7. Como é evidente, a exigência, que no Sermão da Montanha Cristo impõe a todos os seus ouvintes actuais e potenciais, pertence ao espaço interior em que o homem — precisamente aquele que O ouve — deve discernir de novo a plenitude perdida da sua humanidade e querer readquiri-la. Esta plenitude na relação recíproca das pessoas — do homem e da mulher — o Mestre reivindica-a em Mt. 5, 27-28, tendo diante dos olhos sobretudo a indissolubilidade do matrimónio, mas também toda a outra forma de convivência dos homens e das mulheres, daquela convivência que forma a pura e simples trama da existência. A vida humana, por sua natureza, é «coeducativa», e a sua dignidade e o seu equilíbrio dependem, em todo o momento da história e em todo o ponto de longitude e de latitude geográfica, de «quem» será ela para ele e ele para ela.
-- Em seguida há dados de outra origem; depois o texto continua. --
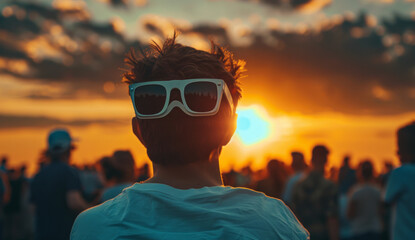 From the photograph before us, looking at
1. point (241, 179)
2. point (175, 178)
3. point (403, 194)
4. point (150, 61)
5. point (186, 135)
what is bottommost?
point (241, 179)

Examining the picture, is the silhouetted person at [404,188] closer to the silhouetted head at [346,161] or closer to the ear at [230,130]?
the ear at [230,130]

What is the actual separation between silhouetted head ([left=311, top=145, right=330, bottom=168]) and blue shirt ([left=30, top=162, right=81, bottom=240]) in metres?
3.08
As palavras pronunciadas por Cristo no Sermão da Montanha têm indubitavelmente este alcance universal e ao mesmo tempo profundo. Só assim podem entender-se na boca d'Aquele, que até ao âmago «conhecia o interior de cada um» (Jn 2,25), e, ao mesmo tempo, levava em si o mistério da «redenção do corpo» como se exprimirá São Paulo. Devemos temer a severidade destas palavras ou antes ter confiança no seu conteúdo salvífico, no seu poder?

Seja como for, a análise feita das palavras pronunciadas por Cristo no Sermão da Montanha abre caminho para novas reflexões indispensáveis para se ter pleno conhecimento do homem «histórico», e sobretudo do homem contemporâneo: da sua consciência e do seu «coração».

Saudações

Aos membros da "Association Saint-Benoît, Patron de 1'Europe"

A "Association Saint-Benoît, Patron de L'Europe", que acaba de ter o seu Congresso anual em Núrsia, dirijo de todo o coração algumas palavras de encorajamento. Recebestes a graça de uma sensibilidade particular pela obra realizada há quinze séculos por São Bento e pelos seus filhos. Oxalá este dom do Senhor vos leve a servir cada vez mais a Igreja e a sociedade actual com o ardor e o realismo dos melhores discípulos do Patriarca dos monges do Ocidente! Aumentai em vós e despertai à vossa volta o amor da contemplação, a paixão dos valores espirituais! Reuni humilde e corajosamente os meios a evangelizar! Eles são tão diversos e tão numerosos! Em tudo isto tende a preocupação constante de agir individual e colectivamente, em união estreita com os Pastores que Deus vos deu, e que são os primeiros responsáveis da evangelização. A convergência das forças apostólicas é um imperativo de sempre e especialmente dos nossos dias. São Bento vos cumule de graças eleitas! Eu próprio de bom grado vos abençoo.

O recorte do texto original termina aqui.